Мать Лжи - Дэйв Дункан 44 стр.


Интересно, как Чайз воспринимает ее рассказ? Однако сейчас ее гораздо больше волновало мнение мужа.

— А вот использование силы может нести зло, — заметил он.

— Обычно да, но так бывает по вине того, кто ее использует. Любую силу можно применять во благо и во зло. Абсолютная сила может стать абсолютным злом.

Кавотти зевнул и потянулся, разминая могучие мышцы.

— Скоро рассвет, а в ближайшие дни у нас очень много дел. Где ты обычно спишь, Чайз?

— В комнате над вами, милорд.

— Значит, стражу ты не встретишь. Отправляйся к себе и ложись спать, а завтра развлечешь мать драматической историей о своих похождениях и спасении из Веритано. Но никому не говори о Салтайе!

— О, не буду, милорд! Ведь могут подумать, что я ей помогал, и тогда меня тоже похоронят! — Он ухмыльнулся и вскочил на ноги.

— Подожди! — остановила его Фабия, поднимаясь. — Чайз, ты прекрасно видишь в темноте.

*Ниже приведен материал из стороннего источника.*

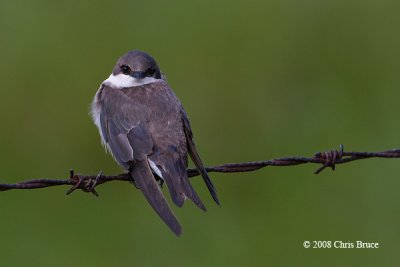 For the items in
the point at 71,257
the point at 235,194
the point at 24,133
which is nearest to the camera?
the point at 71,257

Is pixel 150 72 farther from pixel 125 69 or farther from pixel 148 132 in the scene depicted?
pixel 148 132

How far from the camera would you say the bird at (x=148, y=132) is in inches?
301

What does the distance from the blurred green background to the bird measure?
78.0 inches

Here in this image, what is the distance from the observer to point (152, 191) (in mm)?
7625

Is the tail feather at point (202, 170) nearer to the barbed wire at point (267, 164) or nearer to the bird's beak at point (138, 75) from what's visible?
the barbed wire at point (267, 164)

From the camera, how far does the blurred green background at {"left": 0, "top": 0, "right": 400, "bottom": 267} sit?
10359 millimetres

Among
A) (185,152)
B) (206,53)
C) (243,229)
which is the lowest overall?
(243,229)

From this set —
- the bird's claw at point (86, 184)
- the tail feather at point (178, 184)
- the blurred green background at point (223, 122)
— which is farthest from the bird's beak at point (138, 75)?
the blurred green background at point (223, 122)

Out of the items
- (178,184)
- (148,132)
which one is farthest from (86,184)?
(148,132)

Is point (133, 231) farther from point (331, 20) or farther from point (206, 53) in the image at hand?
point (331, 20)

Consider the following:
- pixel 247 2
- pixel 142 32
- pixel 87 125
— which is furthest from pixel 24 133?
pixel 247 2

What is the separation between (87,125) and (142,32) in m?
1.86

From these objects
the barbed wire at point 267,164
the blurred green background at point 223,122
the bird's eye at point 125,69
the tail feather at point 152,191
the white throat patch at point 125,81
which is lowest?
the blurred green background at point 223,122

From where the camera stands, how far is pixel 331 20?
547 inches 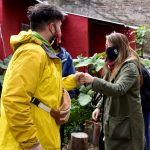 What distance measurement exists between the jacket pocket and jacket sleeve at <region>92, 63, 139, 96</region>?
349mm

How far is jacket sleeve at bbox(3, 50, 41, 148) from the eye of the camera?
261 centimetres

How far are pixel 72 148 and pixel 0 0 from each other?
4319 millimetres

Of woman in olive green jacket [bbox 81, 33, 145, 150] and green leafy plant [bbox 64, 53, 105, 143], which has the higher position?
woman in olive green jacket [bbox 81, 33, 145, 150]

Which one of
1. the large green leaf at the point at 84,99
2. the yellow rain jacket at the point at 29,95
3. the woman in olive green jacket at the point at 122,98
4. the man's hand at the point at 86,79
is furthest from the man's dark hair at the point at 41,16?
the large green leaf at the point at 84,99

Он с недоумением посмотрел на нее.

— Миледи?

— Я наблюдала за тобой, когда мы шли в розовый сад. Ты легко уклонялся от ветвей, которых не видел лорд Марно. Обходил все камни и ямы. Будь осторожнее, Чайз!

Он широко улыбнулся.

— Что ты имеешь в виду, сестра? Я всегда прекрасно видел в темноте. Спроси у мамы. Она постоянно требует, чтобы я брал лампу, но я легко обхожусь без нее.

Фабия подошла к нему и поцеловала в щеку, как и во время их первой встречи в Веритано.

— Я хотела сказать, что тебе не следует служить злу. Иногда искушение бывает очень сильным, я знаю. Тебе известно, что произойдет, если твоя тайна откроется. И все же добро пожаловать домой. Мама ужасно тревожилась за тебя. Ты член нашей семьи и, надеемся, всегда им будешь. Еще раз спасибо тебе за то… что отвлек Салтайю.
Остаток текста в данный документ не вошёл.